Redfearn has a background in environment studies, a journalism degree from Columbia University, and had worked on several television series, but "Sun Come Up" is her debut film. She first heard about the Carteret Islanders from a forwarded humanitarian e-mail alert; after reading about them, she could focus on little else. Three months after receiving the e-mail, Redfearn and filmmaking partner Metzger landed in the South Pacific and started shooting. They weren't sure what to expect, but they had been encouraged to come by Ursula Rakova, the head of the Carteret relocation program.

They were well received, and the islanders were, according to Redfearn, "really generous with their time and sharing their stories." They were well aware of why their islands were shrinking and the global issues behind the local changes. "When they first started to witness changes, they didn't know why," Redfearn explains. "But Ursula was born on the Carteret Islands and has traveled abroad to get her education, so she has become aware of what's happening internationally. She taught the community about the science."

The filmmakers didn't find the islanders to be helpless or angry. "More than anything else," Redfearn says, "there's a great feeling of uncertainty." The island's elders would prefer to stay, despite the risks. They grew up there, spent their whole lives there, and "have no interest in moving and adapting to a new society or culture." But the younger generations are looking at things differently. "They're looking ahead at how to rebuild their community somewhere else."

More HERE

Now for some facts:

The Carteret Islands are coral atolls that have been damaged by the indigenous fishing industry.
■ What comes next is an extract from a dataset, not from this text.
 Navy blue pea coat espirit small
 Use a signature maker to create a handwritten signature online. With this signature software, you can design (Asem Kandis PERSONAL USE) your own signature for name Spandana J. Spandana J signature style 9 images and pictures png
Homemade Ammonium Nitrate bomblets, used to stun fish for easy "harvesting" (by lazy fishermen) had the unintended effect of breaking up the surrounding Coral beds, which are the foundation of the "islands."

Once blasted, the Coral is destroyed and can't recover. The underpinning of the remaining land is then impaired and "duh," the islands begin to sink. Some depletion of the fresh water aquifer may also contribute to the sinking. The region is also tectonically active and subsiding land is a real possibility.

Of course, the Sea-Level is being blamed, but a quick look at NASA's Jason satellite data shows that Sea-Level has outright FLATLINED since January 2004 to the present (Flatlined = ZERO rise) within a 20mm ± zone!!!

The whole movie is simply environmental "spin."